# Task
Without any pictures, copy the records below once more, exactly as they are.

Collected data

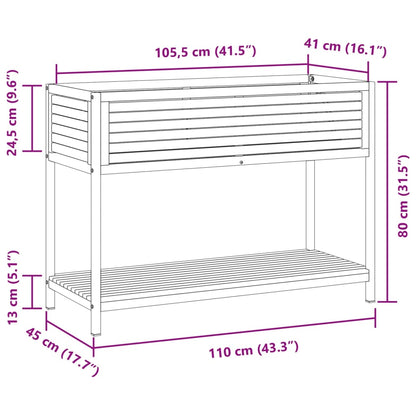 vidaXL Pflanzkübel mit Ablage 110x45x80 cm Massivholz Akazie und Stahl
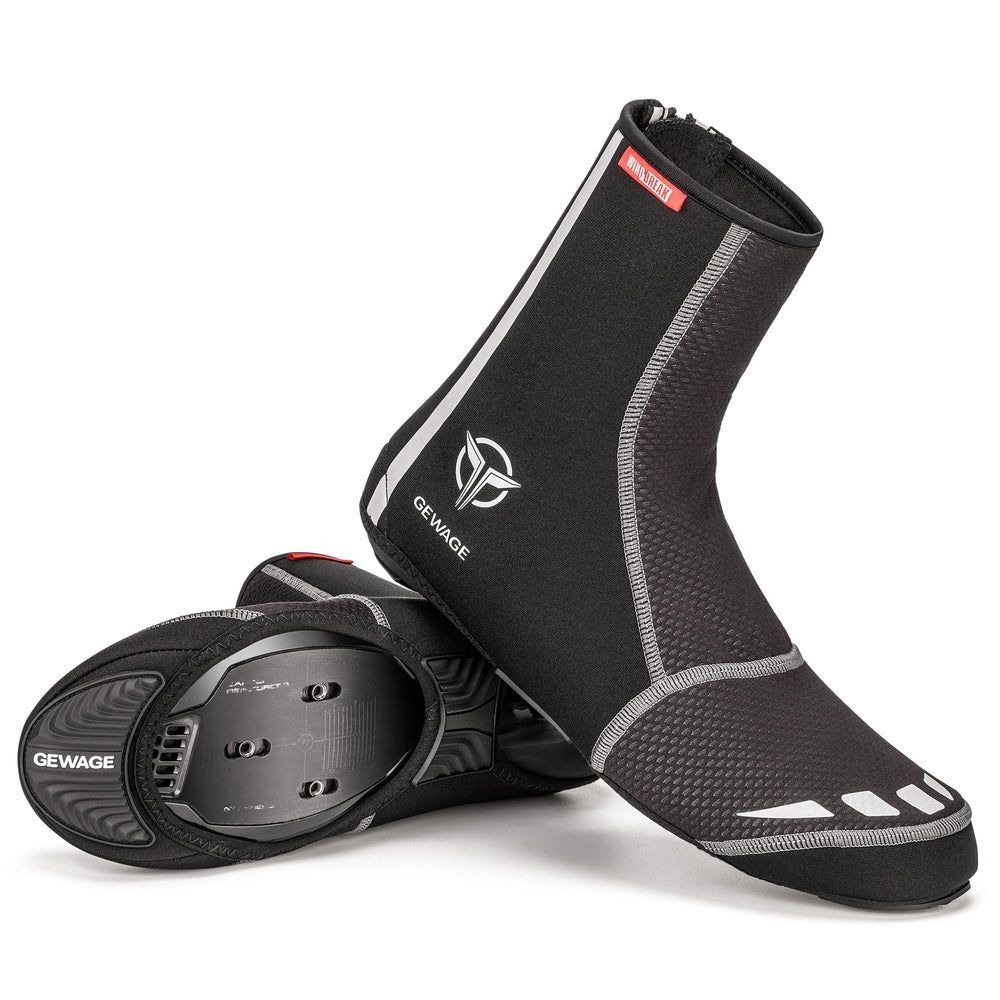GEWAGE front view of overshoes showing fit and protection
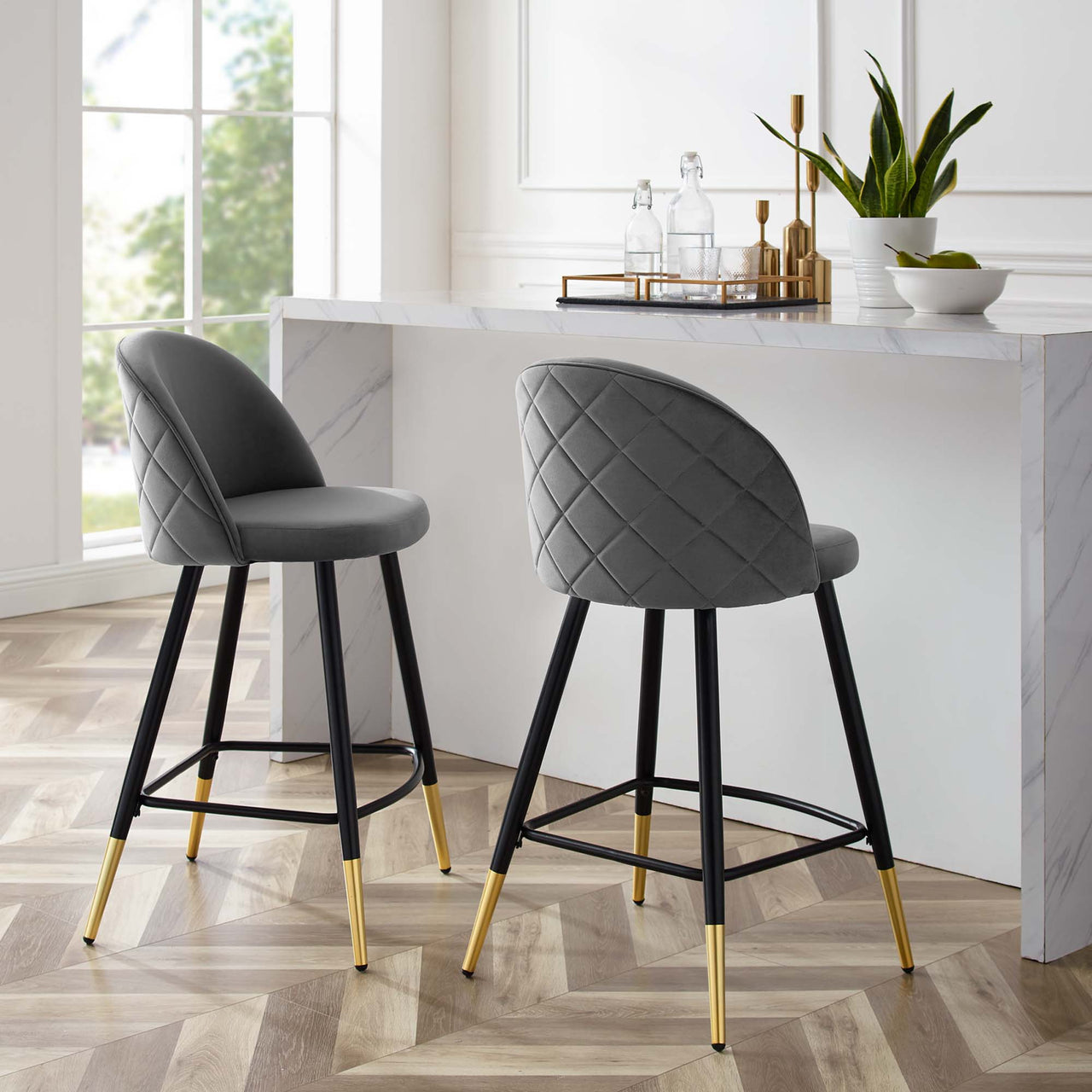 Adamantitus Upholstered Counter Stool Set of 2, Gray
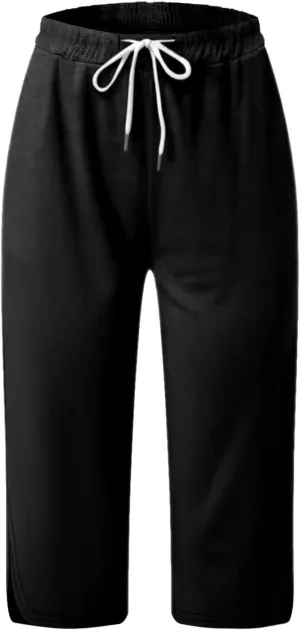 Women's Capri Pants Slimming Elastic Waist Summer Trendy Casual Trousers High Waisted Drawstring Yoga Pants with Pockets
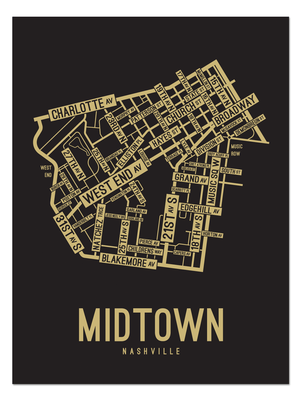 Midtown, Nashville Street Map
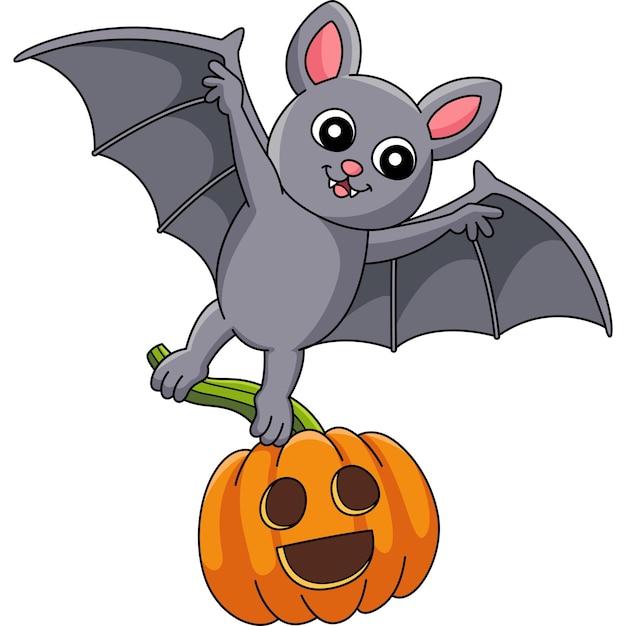 Vettore clipart colorato del fumetto di halloween del pipistrello volante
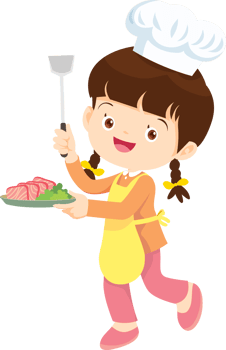 Cooking children girl Little kid making delicious food professional chef png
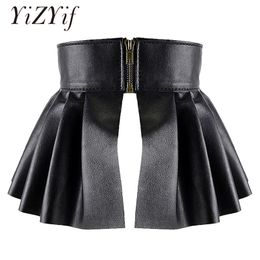 Waist Chain Belts Pleated Skirts Wide Belts Women PU Leather Elastic Wide Waistband Classic Stretch Pleated Skirt Garters Peplum Cinch Belt Skirt 230628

# Response below
 vidaXL Pflanzkübel mit Ablage 110x45x80 cm Massivholz Akazie und Stahl
GEWAGE front view of overshoes showing fit and protection
 Adamantitus Upholstered Counter Stool Set of 2, Gray
 Women's Capri Pants Slimming Elastic Waist Summer Trendy Casual Trousers High Waisted Drawstring Yoga Pants with Pockets
 Midtown, Nashville Street Map
 Vettore clipart colorato del fumetto di halloween del pipistrello volante
 Cooking children girl Little kid making delicious food professional chef png
 Waist Chain Belts Pleated Skirts Wide Belts Women PU Leather Elastic Wide Waistband Classic Stretch Pleated Skirt Garters Peplum Cinch Belt Skirt 230628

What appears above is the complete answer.